The head of Exxon’s low-carbon business has a response to critics who say the oil behemoth isn’t putting enough resources into climate-friendly projects: money isn’t what matters most right now, Ben writes.
What he’s saying: “The limiting factor, at this stage, in terms of the ability to scale up this business … is not the availability of capital,” Dan Ammann tells me.
- “The limiting factor is actually figuring out these projects, piecing them together, getting them to work, finding the right customers.”
The big picture: Ammann says Exxon’s doing that as it focuses on carbon capture, hydrogen and biofuels. But the oil behemoth isn’t following European majors into renewable power development.

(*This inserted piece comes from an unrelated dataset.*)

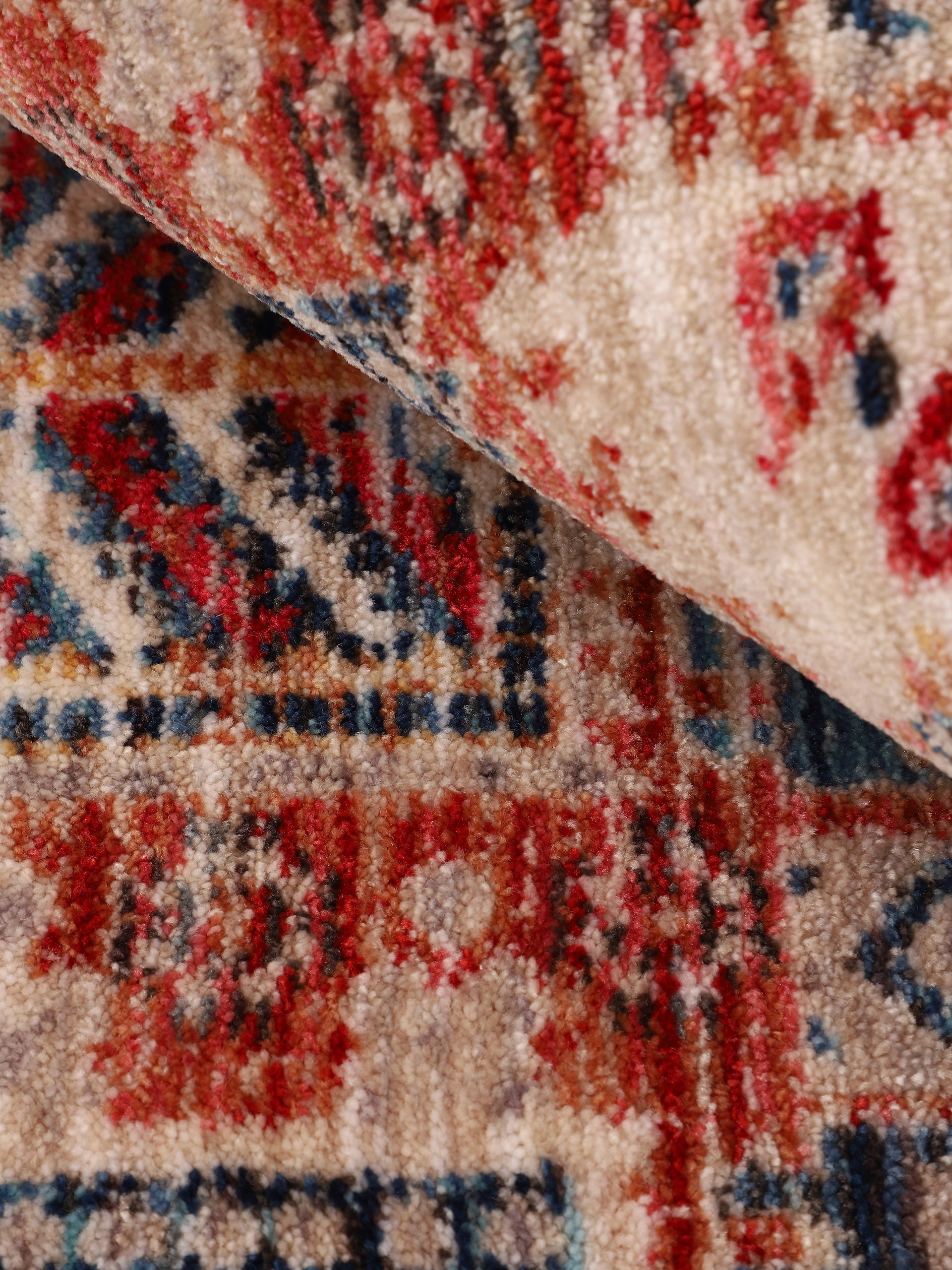 Teppich Phoenix Multicolor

Driving the news: Exxon yesterday announced a deal with industrial gases giant Linde to capture CO2 from a planned hydrogen plant in Texas. It’s the latest of several recent deals with partners like fertilizer maker CF Industries and Honeywell.

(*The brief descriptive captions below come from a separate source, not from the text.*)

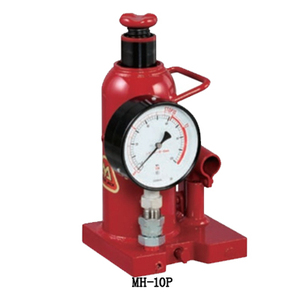 MASADA带压力表液压千斤顶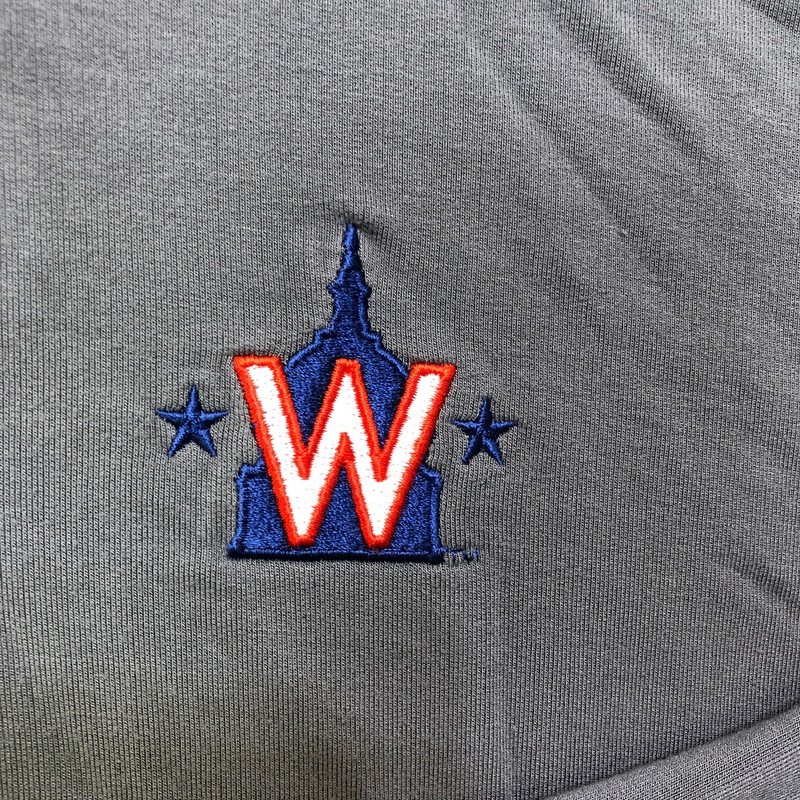 Travis Mathew Pullover Men's Extra Large Grey Washington Nationals Quarter Zip gallery
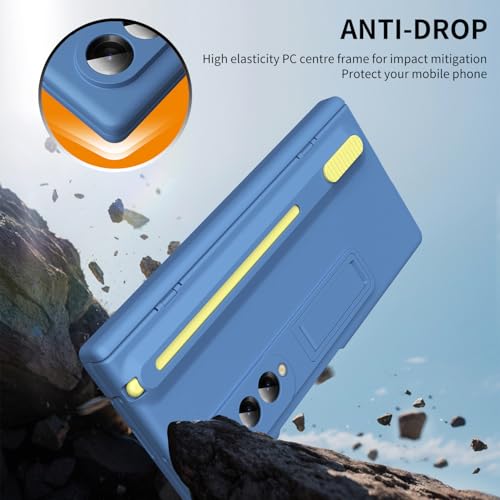 Funda Samsung Z Fold 3 con protector de pantalla y soporte de lectura integrado 4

Catch up fast: In the medium-term, Exxon plans to cumulatively spend roughly $7 billion through 2027 on projects with industrial partners and $10 billion to cut emissions from its own operations.
Reality check: That’s a small share of overall investments that mostly flow to their oil, gas and fuels businesses. Exxon’s planned capital spending is $20-$25 billion annually through 2027.
- And scientists caution that growing fossil fuel production — which Exxon’s doing — collides with climate goals.
Yes, but: Exxon says it’s positioned to be a key player in commercializing tech at scale in hard-to-decarbonize industrial sectors.
- “The project execution capability here is incredibly powerful,” Ammann, a former GM exec, tells me.
- “If you need a multibillion dollar project built, this is the place to come and get that done.”
What’s next: In our interview Monday and an investor presentation yesterday, Ammann and execs, including CEO Darren Woods, detailed Exxon’s plans.
Scale: Exxon sees a huge opportunity in energy transition, a $6 trillion addressable market in the areas where it’s focused by 2050.
- Their share could be measured in the hundreds of billions, and “quite possibly larger than Exxon’s base business is today as the world approaches net-zero,” Ammann told investors and analysts.
- They see potential for double-digit returns in a market less cyclical than oil and gas.
Policy: The U.S. climate law, which expands incentives for low-carbon energy, is “opening up the funnel for an increased number of projects that are now economically viable to pursue,” Ammann told me.
- Still, after a few years of “foundational projects,” they see more policy support needed — and significant reductions in emissions-cutting costs — to move the global market to hundreds of billions and ultimately trillions of dollars. Page 11 of their new investor deck spells this out.
The bottom line: A year into his tenure, Ammann sees corporate weight behind him.
- Asked how much he speaks to CEO Darren Woods, Ammann replied: “A lot.”